Matt Lu

Audio By Carbonatix
Before GWAR can begin the headlining set at Tempe’s Marquee Theatre, stage techs must first wrap the stage monitors in transparent green plastic. This will protect crucial sound equipment from the spurts, gushes, geysers, jets, streams, and outright torrents of blood that are to come.
For the uninformed and lacking in mettle (and metal), GWAR is none other than the greatest, most awesome, most brutal band in the universe, originally from a galaxy far behind Uranus (say it aloud), having been exiled to Earth millions (or is it billions?) of years ago, where they remained frozen in the Antarctic ice shelves for a long time (numerical estimates vary widely). After thawing, GWAR—to quote one of their own songs—“fucked apes/giving birth to the human race.” And ever since, GWAR has been involved in convoluted, but always comically bloody, battles with various terrestrial and extraterrestrial nemeses.

Matt Lu
The crowd gathers
A quite curious mix of people and aesthetics gathers as the techs prepare for the coming of GWAR. There are shirts for Black Sabbath (both some kind of anniversary as well as the yellow outline of Ozzy making the peace that was the cover of “Volume IV”), “Scarface,” Venom (the comic book alien, but, sadly, not the black metal band of the same name), The Cramps, The Subhumans, and any number of other bands from the punk/heavy section of the record store, as well as GWAR shirts, some celebrating 40 years of Scumdogs, others tied to the 2025 album and tour “The Return of Gor-Gor,” and one black-and-white number memorializing founding member and former lead singer Dave Brockie, who portrayed the character Oderus Urungus until he died in 2014.

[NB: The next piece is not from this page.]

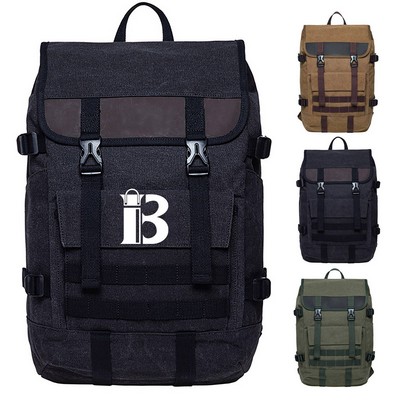 Unisex Travel Large Capacity Canvas Backpack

More provocative outfits are in evidence, too. Shirts are advising you to “Fuck a Corpse for Fun” and “Teach Your Children to Worship Satan.” There’s a parody of a tourist shirt stating that “Tucson is for F♥ckers,” making one wonder whether this counts for or against Tucson’s favor. A few lingerie/BDSM-type outfits are about, with one woman in what appears to be a bikini-diaper-and-fishnet combo, a strange and category-defying choice that seems oddly fitting for GWAR’s sonic and visual aesthetics.
Like any heavy music show, many people are wearing all or nearly all black, but, for GWAR, about as many have come wearing white, the better to be spattered in the coming storm of blood. Some are plain t-shirts (including one already bloodied with actual, non-GWAR blood), but there is also a noticeable contingent in coveralls, painter’s smocks, overalls, and the like, some even sporting goggles and military-style helmets.

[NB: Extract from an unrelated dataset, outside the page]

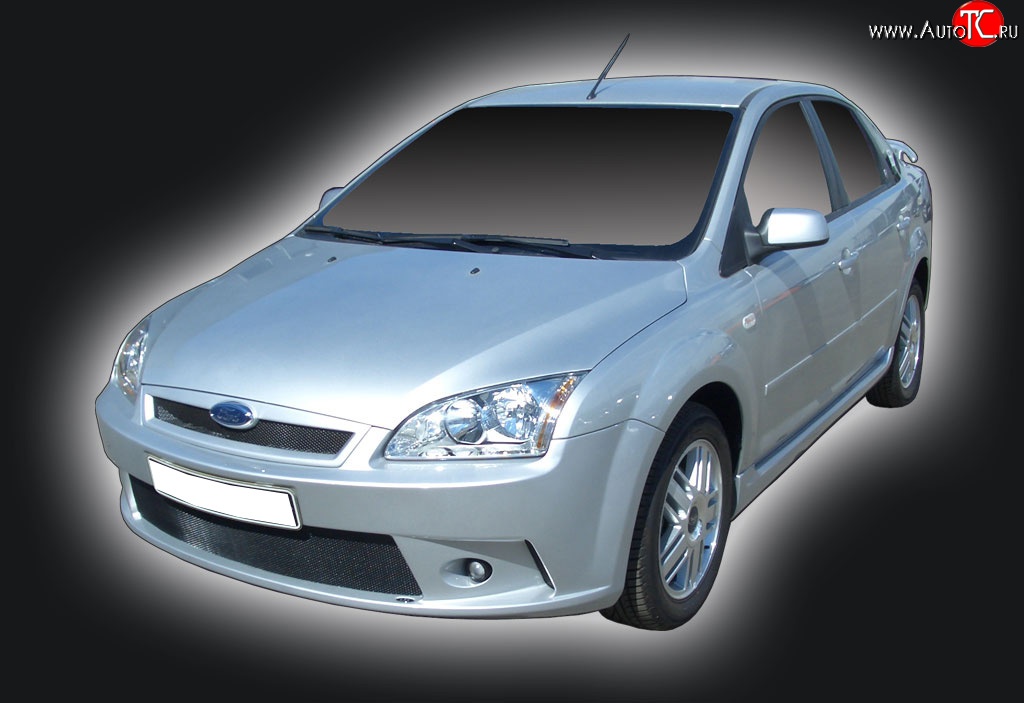 2 549 р. Решётка радиатора GT Dynamics Ford Focus 2 универсал дорестайлинг (2004-2008) (Неокрашенная)  с доставкой в г. Чебоксары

There are also, given that GWAR as an entity is forty years old and the teenagers who first thrilled to “Scumdogs of the Universe” and “This Toilet Earth” as new releases are now eligible for senior discounts, a surprising number of young teens here with parents.

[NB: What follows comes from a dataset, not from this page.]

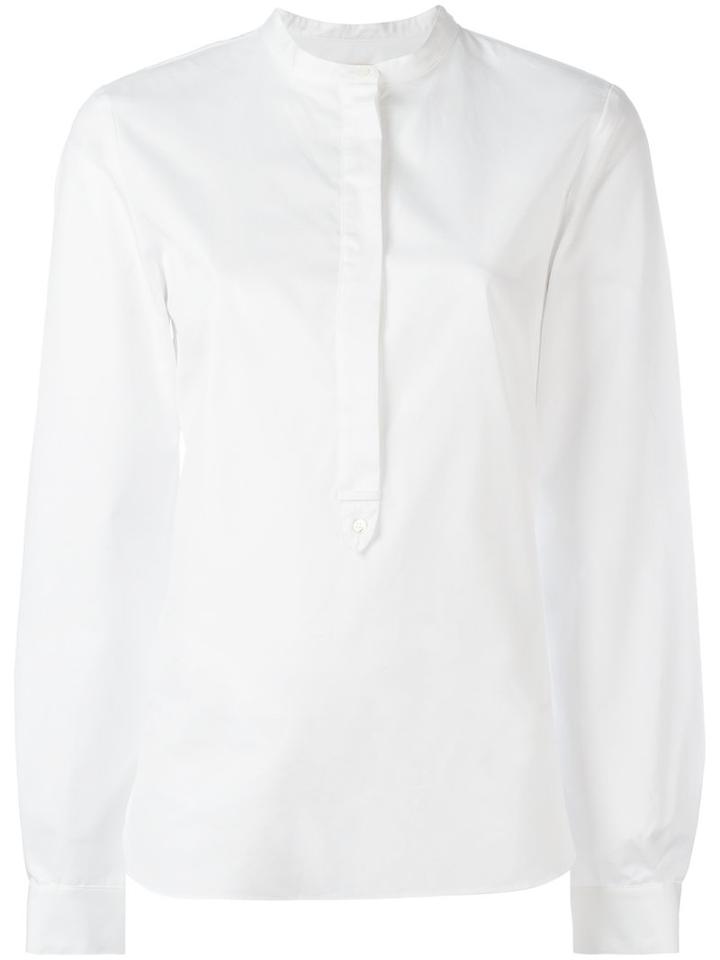 Vanessa Bruno Mandarin Neck Shirt, Women's, Size: 36, White, Cotton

The overall effect is of attendees of unrelated punk and metal shows, middle school students tagging along with parents, and families on the way to the mall for a sale on cargo shorts and sandals, all somehow ending up in the same room.
It begins
The room goes dark, and audience members begin chanting, “GWAR! GWAR!”
A few people off to the side and about halfway back try to anticipate the spatter radius.
“It’s not going to get that far back here.”
A video comes on welcoming the “labias and gentiles” of the audience and introducing the plot — such as it is — for the evening, something to do with an evil genius fighting GWAR’s protector figure, Bonesnapper (who, to the uninitiated, appears as a big green muscular anthropomorphoid wielding oversized weapons to fight on behalf of GWAR during and between songs). Through inter-song (and intra-song) skits and stage combat, the plot plays out, beginning with something about a train, then on to a giant mysterious egg (and the thematic introduction for “Crack in the Egg”), which hatches a lizard that, at the end of the pre-encore set, returns as the giant saurian figure Gor-Gor.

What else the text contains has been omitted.